** Collected data follows **

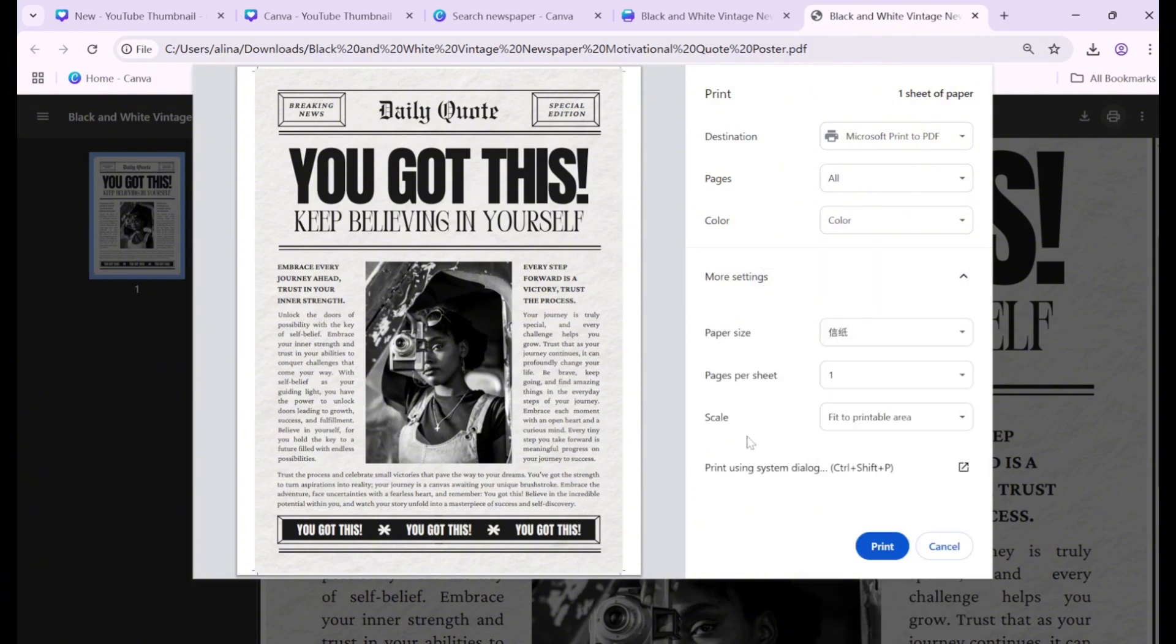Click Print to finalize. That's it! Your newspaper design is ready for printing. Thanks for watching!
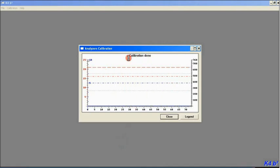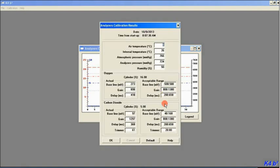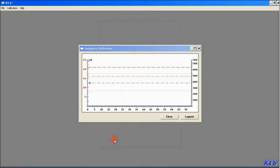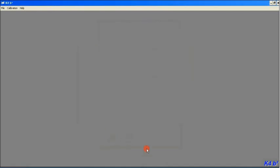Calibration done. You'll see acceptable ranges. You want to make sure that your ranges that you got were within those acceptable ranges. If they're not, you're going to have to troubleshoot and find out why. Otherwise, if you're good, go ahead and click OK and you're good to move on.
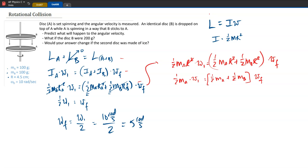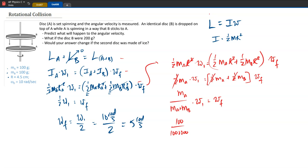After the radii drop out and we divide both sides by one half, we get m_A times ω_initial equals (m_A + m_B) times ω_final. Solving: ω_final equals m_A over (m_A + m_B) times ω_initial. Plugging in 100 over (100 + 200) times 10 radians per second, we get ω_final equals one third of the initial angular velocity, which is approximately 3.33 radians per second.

** End of Collected data **

> What to produce
A verbatim rendering of the listing above is required, without any of its pictures.

> Answer area
Click Print to finalize. That's it! Your newspaper design is ready for printing. Thanks for watching!
Calibration done. You'll see acceptable ranges. You want to make sure that your ranges that you got were within those acceptable ranges. If they're not, you're going to have to troubleshoot and find out why. Otherwise, if you're good, go ahead and click OK and you're good to move on.
After the radii drop out and we divide both sides by one half, we get m_A times ω_initial equals (m_A + m_B) times ω_final. Solving: ω_final equals m_A over (m_A + m_B) times ω_initial. Plugging in 100 over (100 + 200) times 10 radians per second, we get ω_final equals one third of the initial angular velocity, which is approximately 3.33 radians per second.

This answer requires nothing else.